Study on the formation of micro-scale shaped charge jet based on diameter effect

Shaped charge jets (SCJ), characterized by high power, favorable directionality, and broad platform compatibility, are well suited for low-overload miniature weapon platforms. At the micro-scale, however, charge diameter introduces pronounced size effects that are not captured by classical shaped-charge theory, leading to a systematic overestimation of jet velocity. This study aims to address the limitations of conventional theory, particularly the inadequate prediction of jet velocity for micro-scale charges.

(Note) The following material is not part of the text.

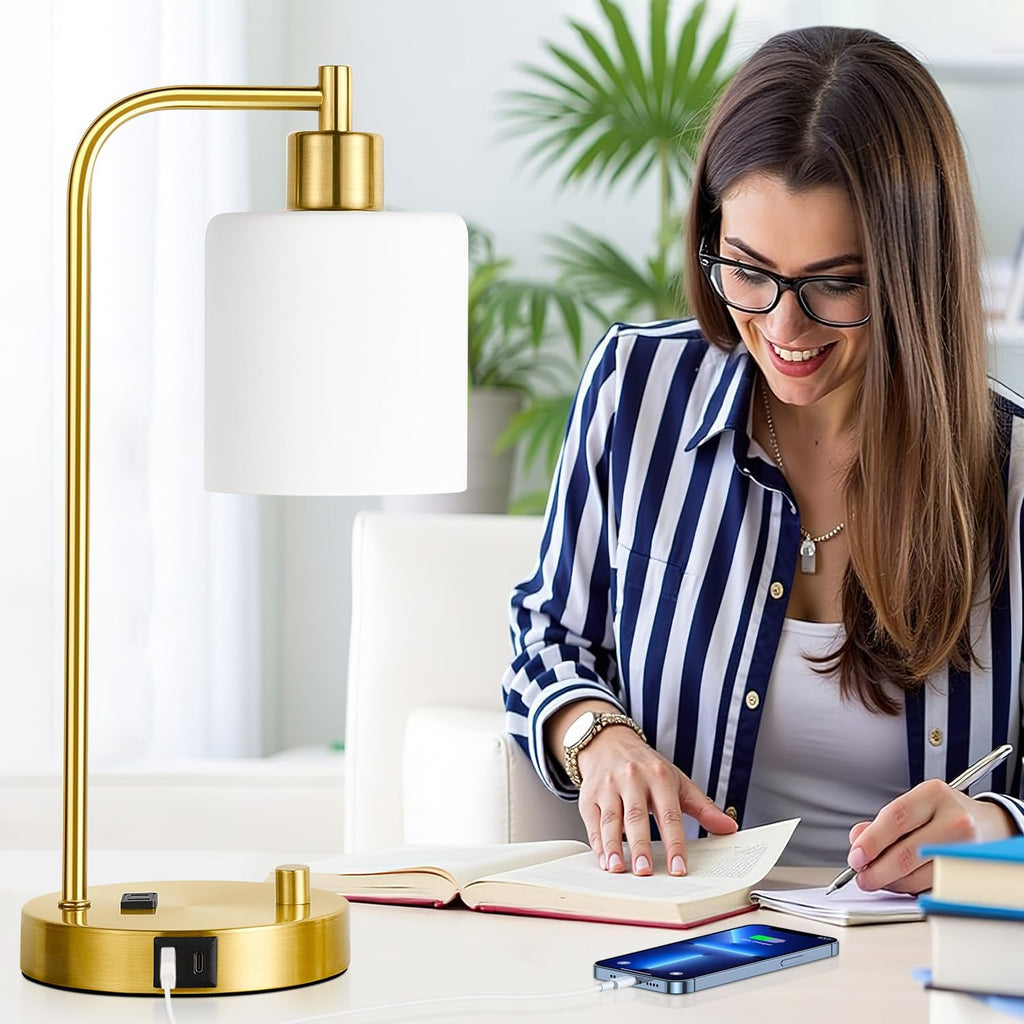 Lynnoland Set of 2 Industrial Table Lamps with USB C+A Ports and Outlet, Gold Fully Stepless Dimmable Bedside Lamps, Nightstand Lamp with…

Theoretical analyses and detonation experiments are first conducted to verify the existence of a size effect, with the experimental results confirming a marked reduction in detonation velocity at reduced charge diameters. Building on these findings and integrating classical jet-formation theory, the formulations for liner collapse velocity and jet velocity are refined. A pulsed X-ray test employing a 10 mm diameter shaped charge was performed to validate the proposed model. The measured jet tip velocity was [3077.0 m/s], while the conventional model predicted [3921.5 m/s] and the modified model predicted [3189.6 m/s]. The modified model exhibits strong agreement with the experimental data, reducing the prediction error relative to the conventional theory by approximately 20%. These results provide essential guidance for the design and optimization of micro-scale shaped charges.